Home Built DisciplineRecently our guests were a young professional couple with two boys, James and John, ages five and three.  Their names may seem common enough, but the little boys were anything but ordinary.  James was highly organized, whether he was playing with LEGO Bricks or filling the dishwasher or helping his parents pack their car.

John was one of the most cognitively mature three-year-olds we have met; his reasoning was well advanced for his age.  he did not yet have much interest in organization, but he was always evaluating situations or people or things.  He was a real charmer.  Often he came around to tell us how much he enjoyed being with us.  He would say, "I love you, but I like you, too."  And he would compliment a shirt or blouse, anything which pleased his genuine sensitivity and creativity.  Both boys were very bright and better behaved than most youngsters their ages.

Yet it became apparent early in their visit that both of them had a problem that made their father unhappy and was wearing their mother out.  When their parents asked them to run an errand or get dressed or wash or eat with good manners, they often stalled.  Sometimes they were downright obstinate or discourteous.  When their mother offered them a fresh tomato and lettuce salad with carrot and celery sticks on the side, James protested.  And John echoed, "I don't like carrots either!"  At that point their mother, both palms up in a silent appeal for help, turned to my wife.

The boys, apparently victorious, saw her.

Dorothy leaned both of her elbows on the high kitchen counter and held her face on her hands, looking directly at the boys who sat on tall chairs on the other side.

"Would you like me to tell you a story?" she smiled, arching eyebrows already arched high by nature.

"Yes!" responded James, and John quickly echoed, "Yeah, I'd like it."

"Well," she began, "when my children were little, they tried to tell me what they would eat and wouldn't eat and what they would do and wouldn't do.  So I had a plan.  Would you like to know what it was?"

"Yeah," John enthused, always curious.  James was not so sure, but both listened attentively.

"If my children said they didn't want any carrots.  I never argued with them".  The boys smiled knowingly at their mother who stood near my wife.  "I told them they didn't have to eat the carrots now."

The boys' grins widened.

Then my wife added, "I told them they could get down from the table."

James frowned.  "Then when did they eat?"

"At the next meal."

"No more food?"

"No more food until the next meal, not even a snack."

"Not even a snack. . ." came the echo from the three-year-old, who looked first at Dorothy, then at his big brother.

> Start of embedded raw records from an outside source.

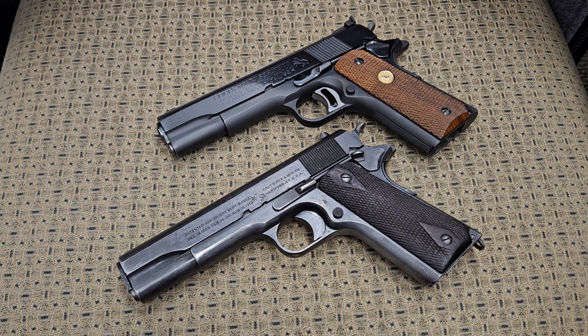Hi YouTube. Today we're going to be looking at a couple of Colt 1911s. I've already showed both these Colt 1911s in previous videos, but I'm going to use these two examples to clarify something that I explained in a previous video that seemed to confuse a couple of people.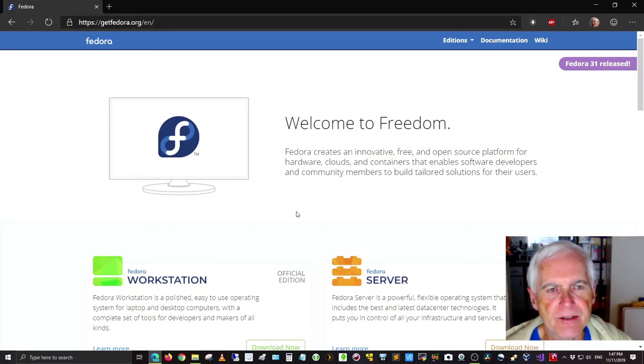Good afternoon everybody, this is Data Pioneer from the Linux Unix Tech channel. I appreciate you joining me today. If you haven't subscribed to the channel, please go ahead and hit that subscribe button, and if you like this video, please like it as well.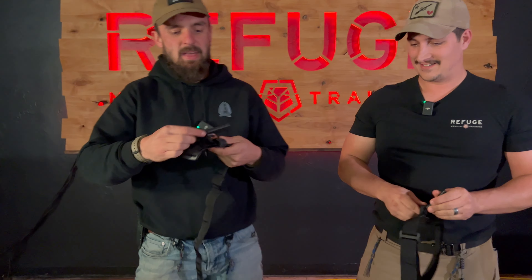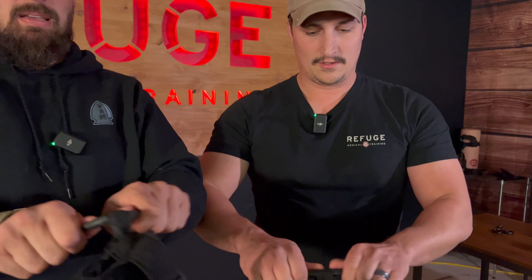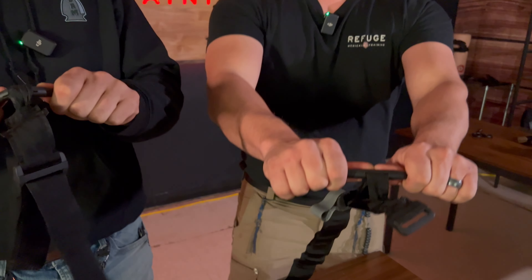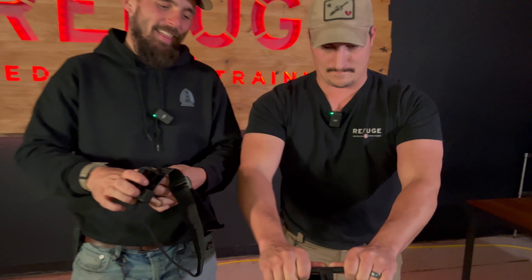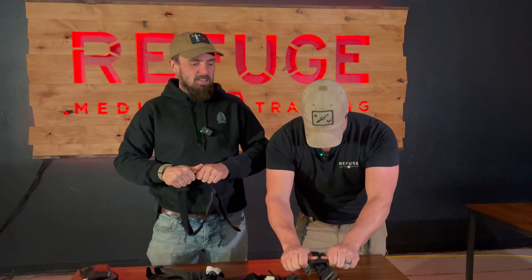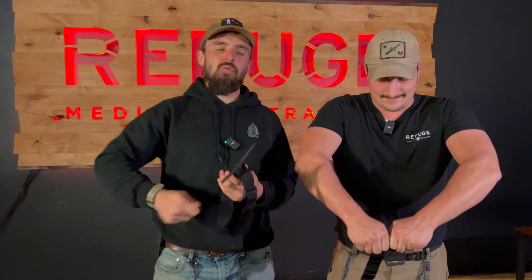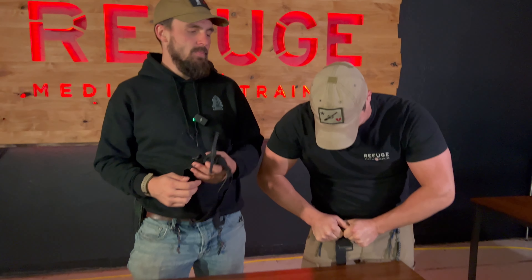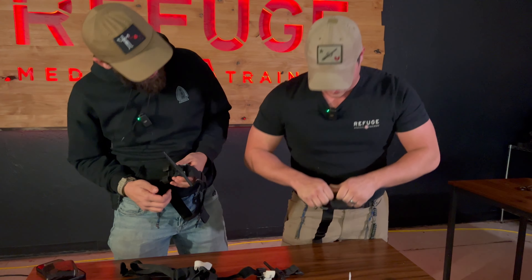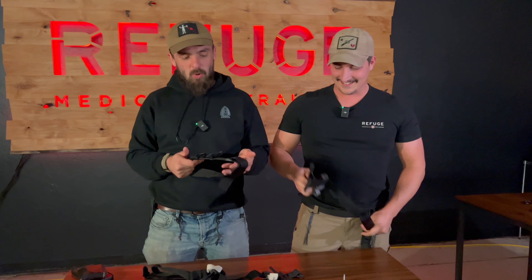Look at that bend — you can't even get it to clip. Is that what you want to trust your life to? I'm going to try to bend the genuine Gen 7 windlass next to him as he bends the fake. I'm not even trying hard — it's just bending on its own. The genuine windlass? That won't bend. That's exactly what we want to see.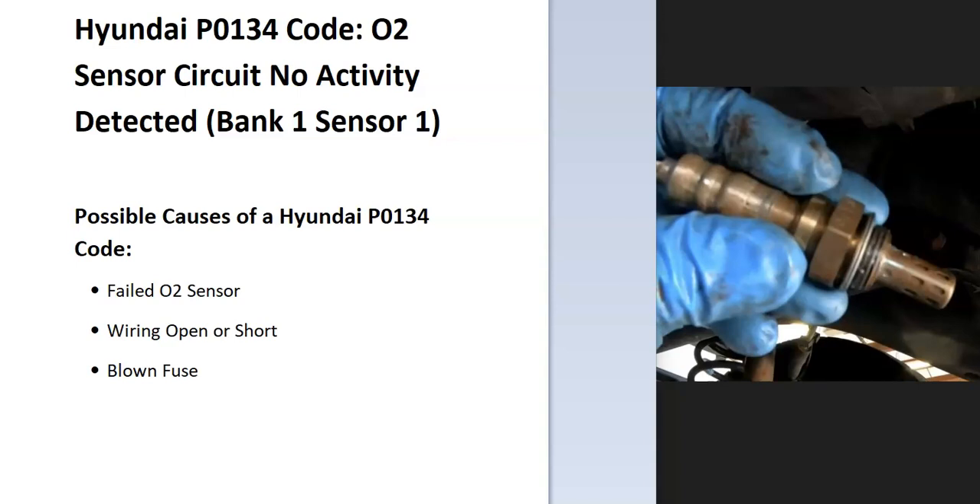Today I'm talking about a Hyundai with the P0134 code — what it is and how you go about fixing it. A P0134 code is an O2 sensor circuit, no activity detected, bank one, sensor one.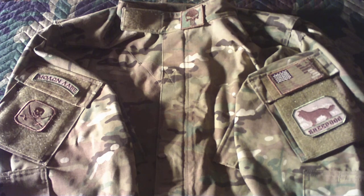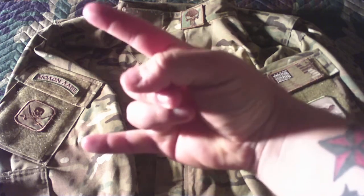So there's a little overview for you. This is Crash and I'm out.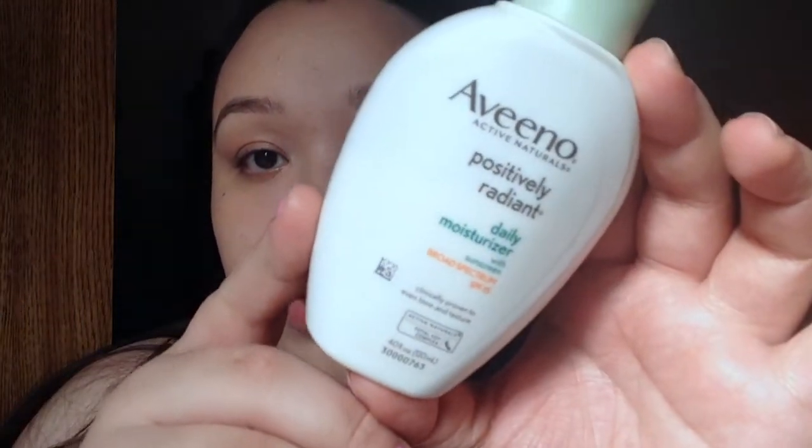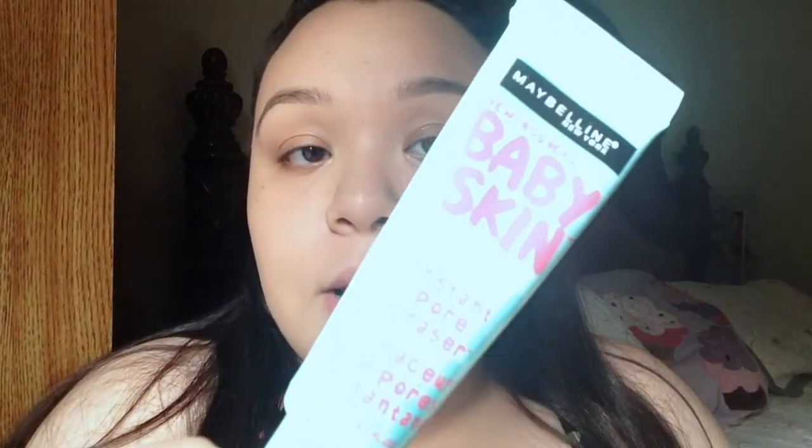The first thing I like to do when doing a fresh face makeup look is always moisturize. The moisturizer I like to apply is my Aveeno Positively Radiant moisturizer, which is an awesome moisturizer that I've already applied. Then the primer I like to use is my Maybelline Baby Skin Instant Pore Eraser.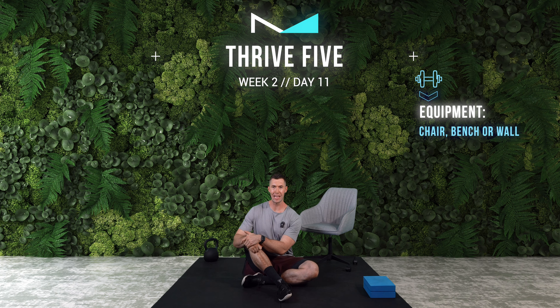Hello, my friend, and welcome to the Thrive 5 Daily Mobility Series. Here in week two, we're going to be looking at lower body.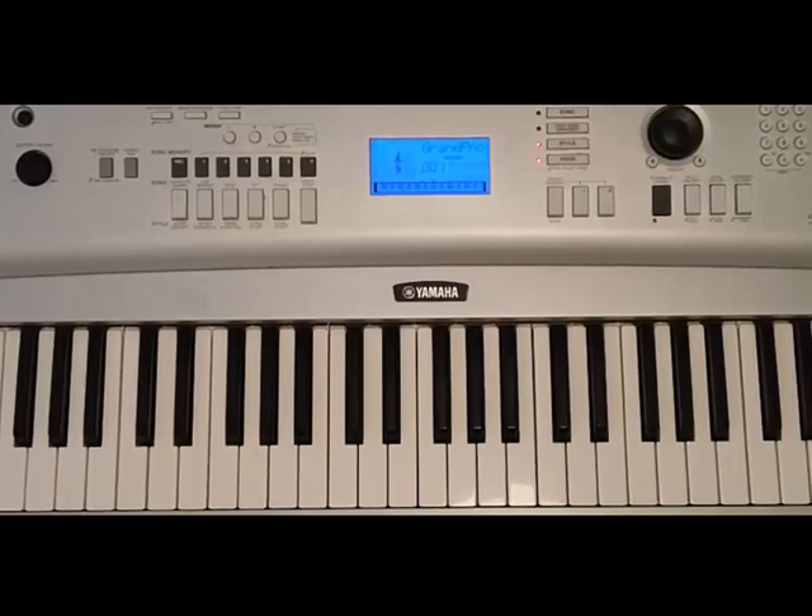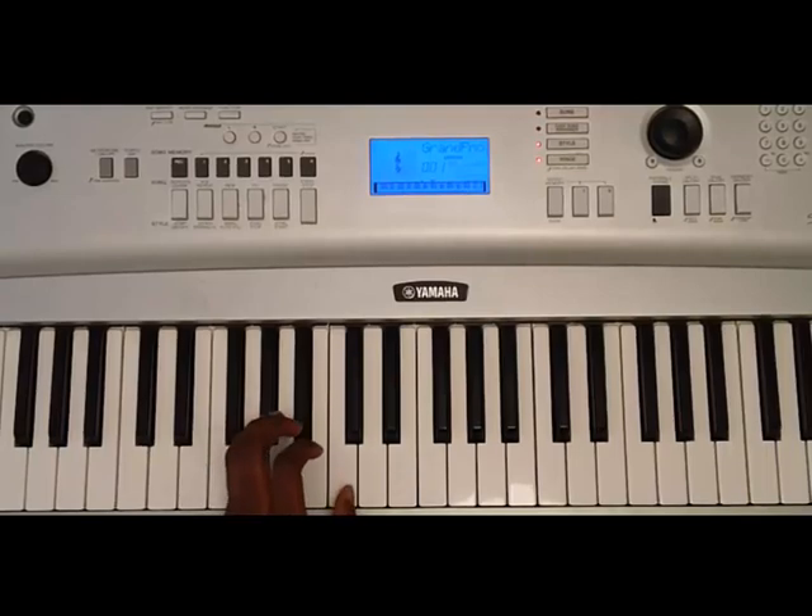We're in the key of G sharp, so let's break down these notes, and then we'll get down to the chords. The notes are as follows: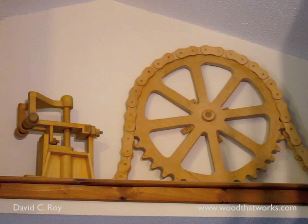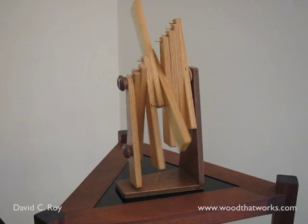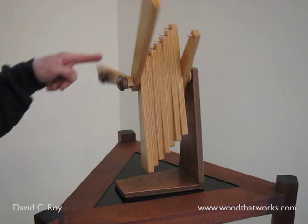I kept wanting her to add motion, and she said, if you want them to move, design your own. This was one of the first kinetic pieces I built. I called it Zylo, and I thought of it as a set of dominoes that fell down and reset themselves, only to fall over again.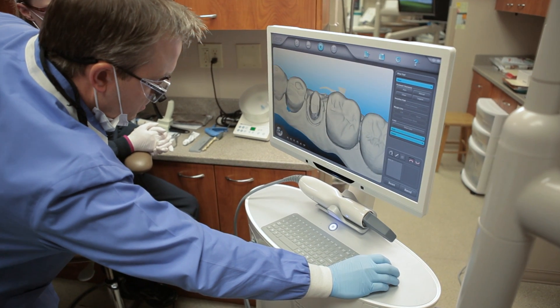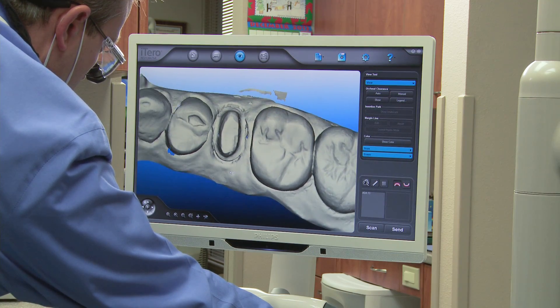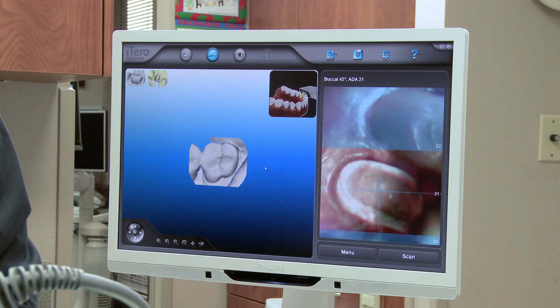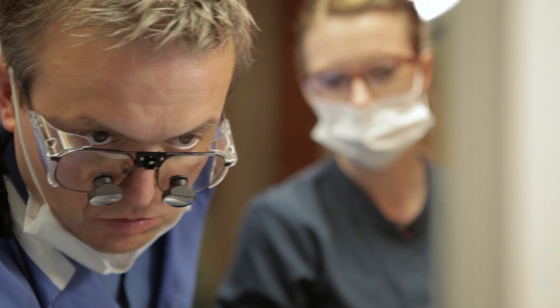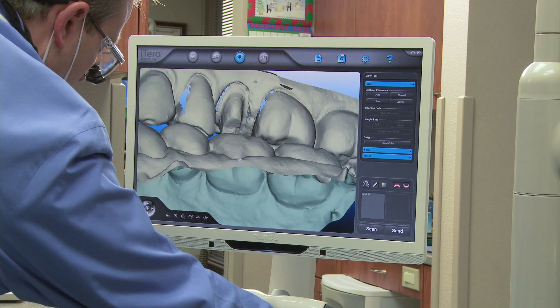Scans are modeled in real-time, and any needed adjustments to the scan are addressed easily with iTero restorative software, like the eraser tool, before the patient leaves the chair. When the doctor is satisfied, the scan is sent to Align for validation, and then sent along to the lab for restoration fabrication.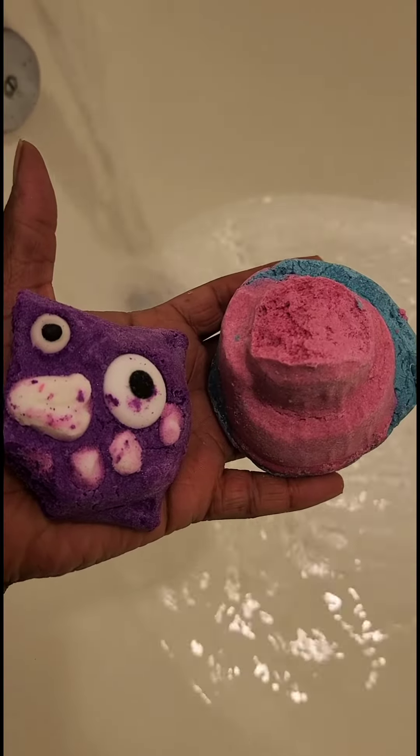I have some Lush bath bars and bubble bars — I'm just going to treat myself to a nice bath. The kids are in bed, so this is my treat for myself. Look at those bubbles, it smells so yummy too! I dim the lights and just soak in the tub for at least 20 minutes. I'm grateful to be in this moment. Good night.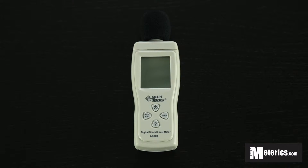Hey guys, welcome to Metarix. Today we'll be having a look at the Smart Sensor digital sound level meter, the AS804 model to be exact. This is a very simple and compact sound level meter which is very easy to use, so today we'll just quickly go into it.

"Mama", said John, lifting a carrot stick, "I like carrots." James quickly joined him. "I like everything you fix."

That brief exchange set off one of the smoothest weekends we have ever had with a family of children.  My wife had an advantage, of course, since she was not with the boys every day (there is nothing wrong with parents using other adults discreetly).  But the boys were obviously impressed by Dorothy's decisiveness and the certainty and security that comes from such authority.

Prevention Rather Than Remedy

The best way to establish discipline in any situation -- at home, in the classroom, on the playground, in the office, or elsewhere -- is to get there before trouble starts, or at least before your tolerance turns to frustration.  Select the simplest possible solution that is right and true and carry it out with consistency.  This solution may not be perfect, but it is the best within your framework of experience.  And you will learn more by experience, much more.

You will do your children no favor to allow them to grow up undisciplined.  Those who are allowed to have their own way are restless, discontent, and insecure -- like a ship without a rudder, tossed by the wind and waves of expediency.  Lack of discipline is the most common complaint of teachers who indicate its serious interference with their goals in the classroom.  Parents, too, find ways to get obnoxious children out of their way as much as possible, hoping the problem will go away so they will not have to bother.  Because undisciplined children are not likely to receive as much positive feedback and attention from adults as well-disciplined children, they are often hampered in mental development.

Both prevention and remedy of misbehavior generally follow identical principles.  Prevention is a matter of untilizing these methods to plan ahead -- before misbehaviour.  Remedy is uing them after it starts.

Delinquency is often predicted by five social factors.  The five factors are: (1) affection of father for the child, (2) discipline by the father, (3) affection of the mother for the child, (4) supervision and discipline by the mother, and (5) cohesiveness of the family.

More than any other influence, the education and circumstances of your children in their early, impressionable years determines the direction of their lives.  If you fail to teach the basic lessons of respect, obedience and self-control, your home will crumble.  A wise parent soon finds that prevention is a great insurance policy, available at a much lower price than remedy.

Plan ahead and work your plan.  If more remedy is needed, it also pays to understand the principles . . . and your children!  Among the best examples of such planning and follow-through we have ever seen were, of all things, two bald eagles.

Treetop Disciplinarians

Thirty miles or so up the Columbia River Gorge from our home, I watched the huge eagles as they laid plans for their young.  I was staying alone for a few days at a dear friend's cabin to do some writing by a little mountain lake on the north side of the gorge.  My host first pointed out the female, perched high on a cedar where the treetop had broken off or been mutilated years ago.  She and later her mate were apparently freshening and strengthening an old nest, always cooperating and responding to each other, as they did later with their young.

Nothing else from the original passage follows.